The After-effects: Snow doesn’t stay around long in Georgia. It’s usually a one or two day event. And once the pure white snow melts away we see very clearly how truly UNPREPARED we were for it. Tree branches that should have been pruned out long ago snap under the weight of the snow and sometimes leave painful damage. The ground becomes saturated in a sloppy mess of slush and mud. Slowly our lives get back up to speed like they were before the forecast - but the snow has left its mark. It has made a difference in our lives.

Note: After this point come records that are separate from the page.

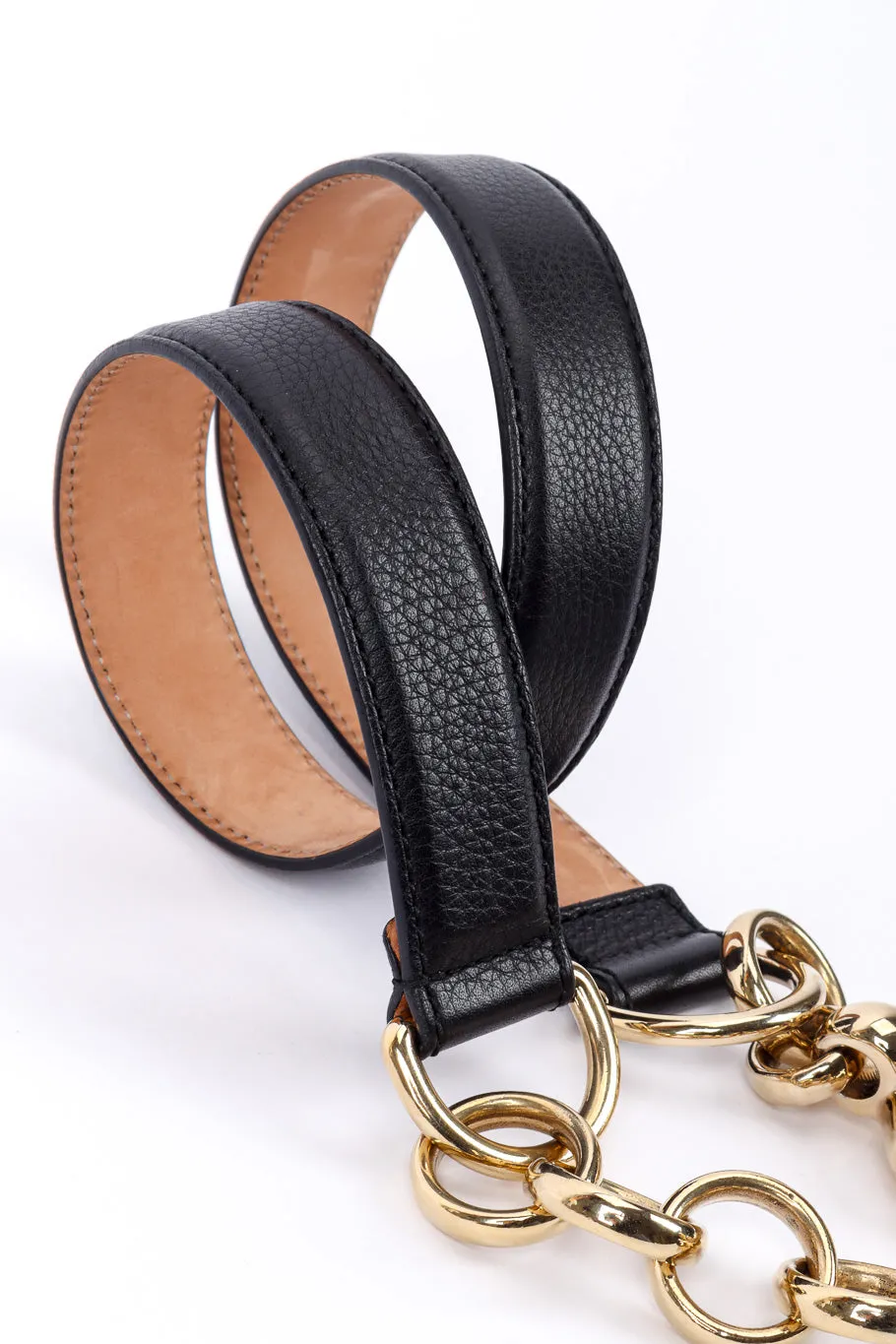 Horsebit Tassel Belt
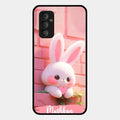 Bunny Glossy Metal Case Cover For Samsung Galaxy F23 5G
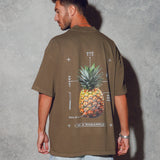 BE A PINEAPPLE  Men oversized t-shirt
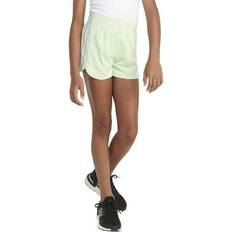 Green Swim Shorts Children's Clothing Adidas Girls Pacer Mesh Shorts Green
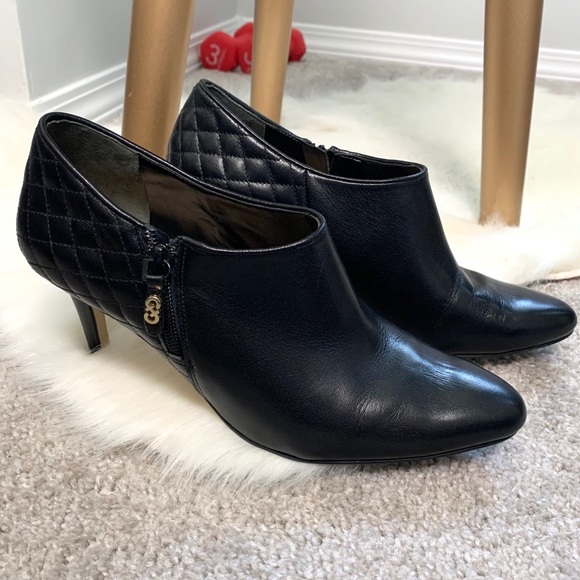 Cole Haan Shoes - Cole Haan Grand OS Black Heeled Booties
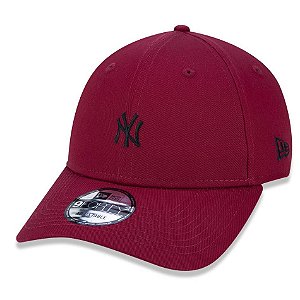 Boné New York Yankees 940 Veranito Mini Logo Vermelho/Preto - New Era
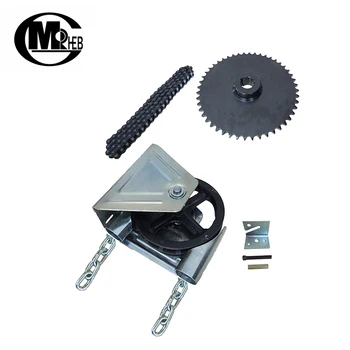 chain door shutter roller manual hoist light larger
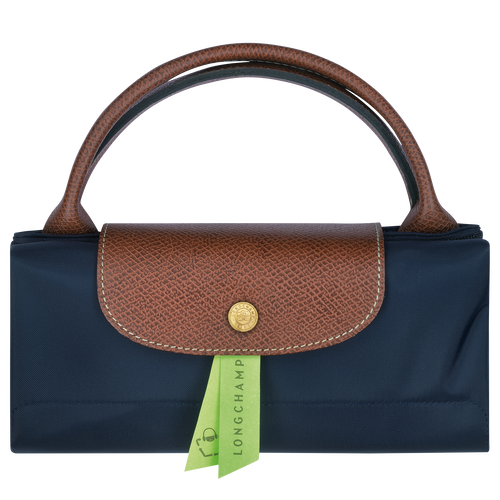 Longchamp Le Pliage Original L Canvas, Recycled canvas Women's Travel Bags Blue | 381-ETXKRP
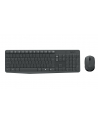 logitech MK235 WIRELESS KEYBOARD / MOUSE/COMBO GREY-D-(wersja europejska)-24GHZ-CENTRAL - nr 16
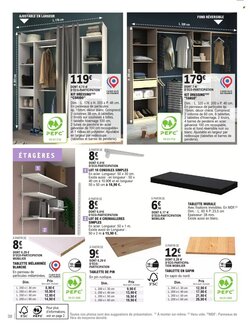 Prospectus promotionnel E.Leclerc Brico valable à partir du 06/01/2026 - Page 30.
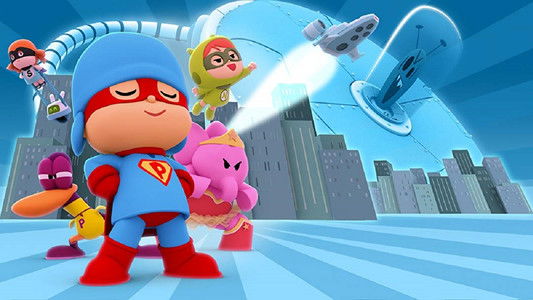 Pocoyó y la liga de los Súper Amigos extraordinarios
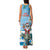 Cayman Islands Christmas Family Matching Tank Maxi Dress and Hawaiian Shirt Merry Xmas - Wonder Print Shop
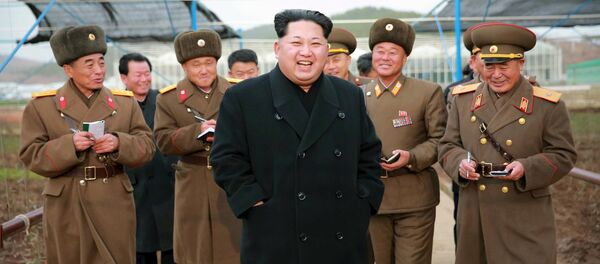 Kim Jong-un  - Sputnik Việt Nam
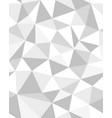 seamless polygonal pattern vector image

The Point: I’m praying for a spiritual Georgia snow storm in our hearts. The forecast builds expectancy in our hearts that the God of the universe has plans for our lives and wants us to encounter His Spirit. Will He speak to our church body THIS Sunday? Like children awaiting school closures, let‘s pray for God‘s arrival in our hearts.
And lets PREPARE for it. We need to put within easy reach the tools that God uses in our lives during a visitation like this. His Word is a (flash)light unto our path. Prayer and confession are the provisions to ensure we are fed during His visitation. And like finding the right place to park the car, let’s park our hearts in the path of least resistance for God to move.
When the Arrival of His Spirit comes, the fellowship among other believers will be heightened. Our petty differences will melt away and we will know that we are a part of God’s event. We’ll sense our hearts reach out to one another in love. A fresh spirit will fall on our churches. The music will seem more dynamic. The preaching will be more piercing. The fellowship will be sweeter.
And when the spiritual lock-down happens. I pray for the moment where we’ll forget about time and space and be on our knees being ministered to by the Holy Spirit. We’ll stay together as a body of believers as long as it takes for us to know we’ve done business with God. Perhaps a move of God’s Spirit will flow from this revival falling on us - that whole communities will get saved. Entire school faculties or office staff will come to a saving knowledge of Jesus and we’ll see life differently because we’ll know we were a part of God’s visitation.
Finally, the after effects will reveal where we weren’t disciplined to prune the dead branches from our soul. We’ll live a more Christ-like life and our hearts will be saturated with God’s goodness.
I’m looking for this kind of stow storm next Sunday - how about you? I gotta go get my boots on and play in the snow that’s here right now.